Animal Aid


Posted 28 October 1999

As the Anglo-French food war deepens, Animal Aid is today calling on the Ministry of Agriculture (MAFF) to end immediately the transportation of all live animals to France.

Animal rights campaigners are becoming increasingly concerned for the safety of animals during the present 'blockade' of British products by French farmers. To continue this vile trade at the best of times involves immense stress and suffering for the animals - to continue it under the present circumstances would be wanton cruelty on the part of the animal dealers, supported by the farming unions and the British Government.

Until the present dispute has been resolved, the animals are at risk and the public will be unforgiving if any misfortune befalls the animals after their arrival in France.

The live export of animals remains extremely unpopular with the British public, who have been shocked by previous scenes of French farmers burning live British sheep in their lorries and - in a separate incident - pouring liquid pesticide over other British animals so that they slowly died. Animal Aid fears that such horrific events could be repeated.

It is clear that the National Farmers Union and the equivalent Welsh and Scottish bodies cannot be relied upon to safeguard the welfare of their home-grown animals, given that they have repeatedly blocked any moves to end live exports.

Animal Aid is calling on its supporters to enact their own 'blockade' - this time of MAFF phone lines (0181 330 8105). The supporters are being urged to voice their concerns directly to the government department responsible for regulating the overseas trade in live animals.

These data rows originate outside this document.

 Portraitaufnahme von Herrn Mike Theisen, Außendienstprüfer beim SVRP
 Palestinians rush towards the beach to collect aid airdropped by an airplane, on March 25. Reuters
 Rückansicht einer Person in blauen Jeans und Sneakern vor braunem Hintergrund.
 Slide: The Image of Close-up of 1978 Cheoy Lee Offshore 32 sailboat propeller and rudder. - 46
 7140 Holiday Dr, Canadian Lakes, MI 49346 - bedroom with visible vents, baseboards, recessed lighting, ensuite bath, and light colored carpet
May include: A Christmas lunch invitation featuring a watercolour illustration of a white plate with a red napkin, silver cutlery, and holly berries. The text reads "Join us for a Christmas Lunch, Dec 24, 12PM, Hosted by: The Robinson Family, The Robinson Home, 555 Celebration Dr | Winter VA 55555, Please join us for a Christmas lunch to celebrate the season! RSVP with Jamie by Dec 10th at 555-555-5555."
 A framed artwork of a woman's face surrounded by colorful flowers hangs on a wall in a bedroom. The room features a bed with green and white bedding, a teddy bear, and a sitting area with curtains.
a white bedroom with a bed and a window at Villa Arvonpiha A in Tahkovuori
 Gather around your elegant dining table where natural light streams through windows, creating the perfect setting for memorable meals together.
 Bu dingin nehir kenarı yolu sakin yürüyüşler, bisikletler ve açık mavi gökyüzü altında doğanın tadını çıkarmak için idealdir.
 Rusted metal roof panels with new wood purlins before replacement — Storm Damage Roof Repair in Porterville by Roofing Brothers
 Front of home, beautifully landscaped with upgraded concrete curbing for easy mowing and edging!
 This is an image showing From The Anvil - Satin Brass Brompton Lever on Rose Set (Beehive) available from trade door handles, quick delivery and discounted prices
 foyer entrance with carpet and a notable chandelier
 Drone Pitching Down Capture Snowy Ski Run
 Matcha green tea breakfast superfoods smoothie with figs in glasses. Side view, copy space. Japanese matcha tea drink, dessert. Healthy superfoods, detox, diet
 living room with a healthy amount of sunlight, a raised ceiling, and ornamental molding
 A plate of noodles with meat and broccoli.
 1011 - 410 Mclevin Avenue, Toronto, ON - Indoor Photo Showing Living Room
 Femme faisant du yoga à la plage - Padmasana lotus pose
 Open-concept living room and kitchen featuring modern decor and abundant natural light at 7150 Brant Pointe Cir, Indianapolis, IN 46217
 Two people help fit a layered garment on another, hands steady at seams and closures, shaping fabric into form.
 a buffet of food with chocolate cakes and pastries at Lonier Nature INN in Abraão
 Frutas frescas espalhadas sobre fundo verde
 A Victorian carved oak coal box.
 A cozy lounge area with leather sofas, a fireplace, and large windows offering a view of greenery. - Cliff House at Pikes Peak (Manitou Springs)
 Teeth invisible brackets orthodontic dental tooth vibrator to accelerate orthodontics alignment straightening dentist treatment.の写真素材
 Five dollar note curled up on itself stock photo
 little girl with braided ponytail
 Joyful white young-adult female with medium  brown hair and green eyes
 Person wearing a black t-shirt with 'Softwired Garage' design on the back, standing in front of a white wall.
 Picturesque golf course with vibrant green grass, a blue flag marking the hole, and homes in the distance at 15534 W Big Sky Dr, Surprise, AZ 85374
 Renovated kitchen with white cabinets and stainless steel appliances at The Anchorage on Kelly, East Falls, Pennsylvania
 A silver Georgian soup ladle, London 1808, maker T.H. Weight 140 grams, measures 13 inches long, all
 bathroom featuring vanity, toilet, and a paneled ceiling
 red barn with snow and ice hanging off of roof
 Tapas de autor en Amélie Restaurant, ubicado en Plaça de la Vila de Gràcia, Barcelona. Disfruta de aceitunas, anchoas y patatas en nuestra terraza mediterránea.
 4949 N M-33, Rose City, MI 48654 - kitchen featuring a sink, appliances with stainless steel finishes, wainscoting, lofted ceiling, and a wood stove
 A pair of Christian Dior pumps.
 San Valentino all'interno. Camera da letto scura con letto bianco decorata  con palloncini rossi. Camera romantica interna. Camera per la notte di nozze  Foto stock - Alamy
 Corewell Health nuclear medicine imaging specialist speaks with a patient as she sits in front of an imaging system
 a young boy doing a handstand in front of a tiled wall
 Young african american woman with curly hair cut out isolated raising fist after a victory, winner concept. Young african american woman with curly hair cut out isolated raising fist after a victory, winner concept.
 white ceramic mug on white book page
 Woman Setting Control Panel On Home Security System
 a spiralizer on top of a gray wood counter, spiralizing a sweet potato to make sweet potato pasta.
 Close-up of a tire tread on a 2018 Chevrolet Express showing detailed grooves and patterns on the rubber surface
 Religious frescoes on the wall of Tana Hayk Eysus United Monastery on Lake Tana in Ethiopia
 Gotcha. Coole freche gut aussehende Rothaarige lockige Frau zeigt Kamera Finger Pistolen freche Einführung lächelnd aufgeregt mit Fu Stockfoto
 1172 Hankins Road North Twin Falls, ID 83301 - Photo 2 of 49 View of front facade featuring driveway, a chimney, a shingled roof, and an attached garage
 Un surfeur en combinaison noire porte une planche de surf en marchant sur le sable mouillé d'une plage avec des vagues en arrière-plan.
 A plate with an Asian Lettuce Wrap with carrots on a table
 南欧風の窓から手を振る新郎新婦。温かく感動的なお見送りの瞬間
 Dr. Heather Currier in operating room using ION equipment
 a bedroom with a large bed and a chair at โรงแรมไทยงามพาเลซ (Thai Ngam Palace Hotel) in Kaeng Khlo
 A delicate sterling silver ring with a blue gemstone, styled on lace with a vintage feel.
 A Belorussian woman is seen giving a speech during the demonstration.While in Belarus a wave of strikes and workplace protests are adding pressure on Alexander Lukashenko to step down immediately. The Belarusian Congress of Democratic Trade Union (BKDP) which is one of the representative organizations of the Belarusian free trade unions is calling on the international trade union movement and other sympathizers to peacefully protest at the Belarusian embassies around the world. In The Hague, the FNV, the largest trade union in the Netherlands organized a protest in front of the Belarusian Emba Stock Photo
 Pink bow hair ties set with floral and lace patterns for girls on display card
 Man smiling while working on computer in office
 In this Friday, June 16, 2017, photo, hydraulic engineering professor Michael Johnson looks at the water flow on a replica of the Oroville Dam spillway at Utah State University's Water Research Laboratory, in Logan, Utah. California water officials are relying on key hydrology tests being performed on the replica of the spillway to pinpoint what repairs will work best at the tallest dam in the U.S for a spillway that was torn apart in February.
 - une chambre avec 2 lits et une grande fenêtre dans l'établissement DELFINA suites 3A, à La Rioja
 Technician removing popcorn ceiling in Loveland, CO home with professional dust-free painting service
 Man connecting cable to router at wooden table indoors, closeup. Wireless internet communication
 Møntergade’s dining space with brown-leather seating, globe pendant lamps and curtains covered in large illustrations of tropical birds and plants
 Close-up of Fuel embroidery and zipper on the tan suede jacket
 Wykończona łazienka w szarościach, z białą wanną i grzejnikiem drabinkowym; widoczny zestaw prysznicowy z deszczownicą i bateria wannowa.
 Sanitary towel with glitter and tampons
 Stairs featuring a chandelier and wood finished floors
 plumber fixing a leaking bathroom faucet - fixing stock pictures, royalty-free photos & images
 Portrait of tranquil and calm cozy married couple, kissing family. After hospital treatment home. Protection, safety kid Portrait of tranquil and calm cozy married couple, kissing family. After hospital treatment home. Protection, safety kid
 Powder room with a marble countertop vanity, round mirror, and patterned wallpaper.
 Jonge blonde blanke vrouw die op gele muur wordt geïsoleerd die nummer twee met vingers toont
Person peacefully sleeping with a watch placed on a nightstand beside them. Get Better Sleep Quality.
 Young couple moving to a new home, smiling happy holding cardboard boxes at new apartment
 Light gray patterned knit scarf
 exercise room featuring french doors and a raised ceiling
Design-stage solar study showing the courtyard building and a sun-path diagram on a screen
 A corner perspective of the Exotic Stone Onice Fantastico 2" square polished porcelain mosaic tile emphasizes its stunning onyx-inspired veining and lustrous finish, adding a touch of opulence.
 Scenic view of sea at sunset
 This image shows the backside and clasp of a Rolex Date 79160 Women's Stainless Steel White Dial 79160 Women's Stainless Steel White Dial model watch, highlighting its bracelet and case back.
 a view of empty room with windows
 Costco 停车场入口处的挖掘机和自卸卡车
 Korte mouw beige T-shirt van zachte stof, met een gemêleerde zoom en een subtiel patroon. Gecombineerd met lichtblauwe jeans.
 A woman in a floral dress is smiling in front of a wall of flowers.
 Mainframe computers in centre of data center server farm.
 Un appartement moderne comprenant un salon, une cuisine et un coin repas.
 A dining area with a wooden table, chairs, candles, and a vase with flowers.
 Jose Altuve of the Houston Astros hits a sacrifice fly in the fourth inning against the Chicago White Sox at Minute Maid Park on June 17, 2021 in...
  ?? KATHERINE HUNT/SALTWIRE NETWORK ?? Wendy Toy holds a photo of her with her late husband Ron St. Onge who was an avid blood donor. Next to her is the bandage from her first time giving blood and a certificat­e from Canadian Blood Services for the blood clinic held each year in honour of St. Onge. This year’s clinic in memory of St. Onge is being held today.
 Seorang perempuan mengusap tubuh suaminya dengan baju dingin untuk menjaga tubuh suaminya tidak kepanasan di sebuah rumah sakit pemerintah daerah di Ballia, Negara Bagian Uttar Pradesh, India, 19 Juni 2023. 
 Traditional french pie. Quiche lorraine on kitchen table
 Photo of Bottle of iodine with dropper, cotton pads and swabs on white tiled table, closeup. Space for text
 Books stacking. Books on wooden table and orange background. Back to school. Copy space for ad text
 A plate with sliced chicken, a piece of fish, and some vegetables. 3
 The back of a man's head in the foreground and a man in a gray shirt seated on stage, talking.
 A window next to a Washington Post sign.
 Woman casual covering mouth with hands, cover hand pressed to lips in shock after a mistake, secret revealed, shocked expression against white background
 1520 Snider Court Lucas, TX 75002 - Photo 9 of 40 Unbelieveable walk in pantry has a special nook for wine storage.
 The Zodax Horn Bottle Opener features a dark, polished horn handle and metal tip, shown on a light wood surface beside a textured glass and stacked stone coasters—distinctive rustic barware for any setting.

* What has so far been overlooked in the furore about French farm animals being fed sewage and waste water from septic tanks containing human waste, is the impact upon the animals themselves of such material. It is offensive and demonstrates clearly a lack of respect for these animals that they should be fed such a repulsive diet.

Notes to Editors

  • It is estimated that 800,000 sheep will have been exported live to Continental Europe during 1999. The one remaining large-scale carrier is Farmers Ferry, a company set up by Welsh farmers after the ferry companies pulled out of live exports in the wake of massive public protests.